Now, see the `NSRunLoop…` line? That doesn't really work. The program exits imediately. I suppose the loop runs once and then exits. Anyhoo, the fact is that it's definititely not waiting 10s for input. So, here's what I did instead:
NSRunLoop.currentRunLoop.runUntilDate NSDate.dateWithTimeIntervalSinceNow(60.0)
And that works, but naturally the program sticks around for 60s, and it's a kludge. So I implemented the whole thing in Objective C (Including KCUpcase, which is not shown). And… it works. With manual memory management. Once I switch to GC (`-fobjc-gc-only`), it exits imediately same as the MacRuby version.

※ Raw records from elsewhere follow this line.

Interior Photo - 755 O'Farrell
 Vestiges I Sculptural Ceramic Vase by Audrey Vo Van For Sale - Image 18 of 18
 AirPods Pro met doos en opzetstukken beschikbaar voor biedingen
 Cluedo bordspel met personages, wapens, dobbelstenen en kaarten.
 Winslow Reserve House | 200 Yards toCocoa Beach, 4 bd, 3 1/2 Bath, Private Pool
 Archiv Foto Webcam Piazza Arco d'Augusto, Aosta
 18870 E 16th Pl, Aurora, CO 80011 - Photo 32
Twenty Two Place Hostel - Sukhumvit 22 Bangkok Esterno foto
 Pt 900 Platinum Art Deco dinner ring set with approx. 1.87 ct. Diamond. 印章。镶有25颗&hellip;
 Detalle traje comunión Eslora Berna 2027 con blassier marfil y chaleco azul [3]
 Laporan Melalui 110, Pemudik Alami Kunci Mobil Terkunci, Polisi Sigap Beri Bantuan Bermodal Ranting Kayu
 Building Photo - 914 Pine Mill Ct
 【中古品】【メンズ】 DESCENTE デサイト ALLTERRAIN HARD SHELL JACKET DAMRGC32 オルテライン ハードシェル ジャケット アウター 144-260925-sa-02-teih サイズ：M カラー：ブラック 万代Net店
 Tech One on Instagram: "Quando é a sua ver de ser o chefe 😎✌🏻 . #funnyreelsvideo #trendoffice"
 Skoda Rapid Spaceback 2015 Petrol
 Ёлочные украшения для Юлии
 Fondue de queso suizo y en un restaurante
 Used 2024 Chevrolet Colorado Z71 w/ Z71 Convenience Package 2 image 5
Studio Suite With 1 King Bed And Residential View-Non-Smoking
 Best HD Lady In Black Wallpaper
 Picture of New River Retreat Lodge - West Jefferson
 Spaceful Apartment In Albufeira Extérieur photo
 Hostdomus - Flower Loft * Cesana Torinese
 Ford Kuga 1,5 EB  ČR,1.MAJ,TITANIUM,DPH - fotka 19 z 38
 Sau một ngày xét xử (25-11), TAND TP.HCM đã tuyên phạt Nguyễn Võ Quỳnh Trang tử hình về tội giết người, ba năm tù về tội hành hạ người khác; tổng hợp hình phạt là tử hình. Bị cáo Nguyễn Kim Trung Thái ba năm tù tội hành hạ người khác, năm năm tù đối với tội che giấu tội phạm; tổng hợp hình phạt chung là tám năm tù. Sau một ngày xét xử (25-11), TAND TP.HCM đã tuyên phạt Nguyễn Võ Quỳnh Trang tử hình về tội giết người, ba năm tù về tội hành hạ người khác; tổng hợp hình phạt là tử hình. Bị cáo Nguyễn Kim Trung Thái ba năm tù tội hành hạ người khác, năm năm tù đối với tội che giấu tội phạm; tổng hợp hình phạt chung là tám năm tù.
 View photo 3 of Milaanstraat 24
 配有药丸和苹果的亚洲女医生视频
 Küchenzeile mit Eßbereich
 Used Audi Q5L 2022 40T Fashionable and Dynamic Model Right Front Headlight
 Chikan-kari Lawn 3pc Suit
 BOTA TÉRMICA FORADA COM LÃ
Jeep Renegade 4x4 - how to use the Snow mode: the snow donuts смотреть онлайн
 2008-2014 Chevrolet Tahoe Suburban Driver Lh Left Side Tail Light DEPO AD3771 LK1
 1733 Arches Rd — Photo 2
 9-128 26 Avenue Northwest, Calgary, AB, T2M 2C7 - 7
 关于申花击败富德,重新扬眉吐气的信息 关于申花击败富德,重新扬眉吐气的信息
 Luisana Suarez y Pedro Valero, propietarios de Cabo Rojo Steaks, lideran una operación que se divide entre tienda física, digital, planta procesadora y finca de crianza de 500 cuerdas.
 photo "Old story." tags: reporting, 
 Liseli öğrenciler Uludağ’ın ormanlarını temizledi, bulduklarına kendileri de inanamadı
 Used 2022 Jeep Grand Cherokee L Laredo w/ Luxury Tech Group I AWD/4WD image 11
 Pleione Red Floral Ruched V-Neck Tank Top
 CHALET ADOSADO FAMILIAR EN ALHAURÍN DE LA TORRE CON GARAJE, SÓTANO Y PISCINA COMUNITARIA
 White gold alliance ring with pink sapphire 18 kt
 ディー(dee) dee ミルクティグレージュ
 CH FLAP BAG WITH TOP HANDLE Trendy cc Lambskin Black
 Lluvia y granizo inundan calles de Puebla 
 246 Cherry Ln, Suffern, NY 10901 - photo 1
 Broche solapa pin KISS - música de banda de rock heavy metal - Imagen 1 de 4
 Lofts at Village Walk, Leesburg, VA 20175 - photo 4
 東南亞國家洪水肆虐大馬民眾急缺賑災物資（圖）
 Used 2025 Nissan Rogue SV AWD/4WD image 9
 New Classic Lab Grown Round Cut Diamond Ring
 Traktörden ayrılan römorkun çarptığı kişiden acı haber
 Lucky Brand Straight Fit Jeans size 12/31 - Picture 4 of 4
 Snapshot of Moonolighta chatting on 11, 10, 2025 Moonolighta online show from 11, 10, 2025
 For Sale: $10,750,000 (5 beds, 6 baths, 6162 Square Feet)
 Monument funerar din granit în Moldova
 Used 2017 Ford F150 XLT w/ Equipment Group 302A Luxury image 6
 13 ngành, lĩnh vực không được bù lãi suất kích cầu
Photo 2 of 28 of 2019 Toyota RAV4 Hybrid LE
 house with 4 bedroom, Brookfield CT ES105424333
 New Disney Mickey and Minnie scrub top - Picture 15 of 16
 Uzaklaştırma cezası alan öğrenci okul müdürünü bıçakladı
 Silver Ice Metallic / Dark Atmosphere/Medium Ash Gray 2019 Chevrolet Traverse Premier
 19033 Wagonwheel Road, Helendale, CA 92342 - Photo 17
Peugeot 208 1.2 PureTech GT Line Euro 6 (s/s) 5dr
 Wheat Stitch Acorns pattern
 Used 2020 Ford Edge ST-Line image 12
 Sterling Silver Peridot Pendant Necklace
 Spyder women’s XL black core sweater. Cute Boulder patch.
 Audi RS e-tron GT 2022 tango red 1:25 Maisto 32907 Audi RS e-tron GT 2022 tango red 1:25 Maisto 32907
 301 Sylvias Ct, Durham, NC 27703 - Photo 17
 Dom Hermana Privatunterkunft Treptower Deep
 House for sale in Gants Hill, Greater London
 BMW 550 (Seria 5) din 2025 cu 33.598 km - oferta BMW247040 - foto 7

#import <Foundation/Foundation.h>
#import "KCUpcase.h"
int main (int argc, const char * argv[]) {
NSLog(@"Starting…");
NSRegisterServicesProvider([[KCUpcase alloc] init], @"KCUpcase");
NSLog(@"Registered…");
[[NSRunLoop currentRunLoop]
acceptInputForMode:NSDefaultRunLoopMode
beforeDate:[NSDate dateWithTimeIntervalSinceNow:10.0]];
NSLog(@"Done.");
return 0;
}
But, alas, the fix is easy: because this is a Foundation tool (not an NSApplication), it seems I have to start GC manually by calling `objc_startCollectorThread`. Here:
#import <objc/objc-auto.h>
// ...
NSLog(@"Starting…");
objc_startCollectorThread();
NSRegisterServicesProvider([[KCUpcase alloc] init], @"KCUpcase");
// ...
Ok, but what's up with MacRuby then? Let's throw it into the mix:
#import <MacRuby/MacRuby.h>
// ...
NSLog(@"Starting…");
objc_startCollectorThread(); // This magic stops working once we add MacRuby
[[MacRuby sharedRuntime] evaluateString: @"$stderr.puts 'hi from macruby'"];
NSRegisterServicesProvider([[KCUpcase alloc] init], @"KCUpcase");
// ...
And, again, it's not waiting in the loop. And, again, ussing the `runUntilDate:` kludge instead of `acceptInputForMode:beforeDate:` works:
NSLog(@"Starting…");
[[MacRuby sharedRuntime] evaluateString: @"$stderr.puts 'hi from macruby'"];
NSRegisterServicesProvider([[KCUpcase alloc] init], @"KCUpcase");
NSLog(@"Registered…");
// Hmmm…
[[NSRunLoop currentRunLoop]
runUntilDate:[NSDate dateWithTimeIntervalSinceNow:10.0]];
NSLog(@"Done.");
return 0;
**So, I suppose I'm missing something terribly obvious. Please enlighten me.**
---
And by the way, the full MacRuby version of the project is available (see below) with a Rake task that'll build and install it in `~/Library/Services`. Then you need to enable its checkbox in Services in the Keyboard Preference Pane (once).
* view: http://gist.github.com/537075
* download: http://gist.github.com/gists/537075/download
* clone: git clone git://gist.github.com/537075.git
**Aside**: Interestingly, I tried calling `NSLog` inside the MacRuby string, and it raised `NoMethodError`. What gives?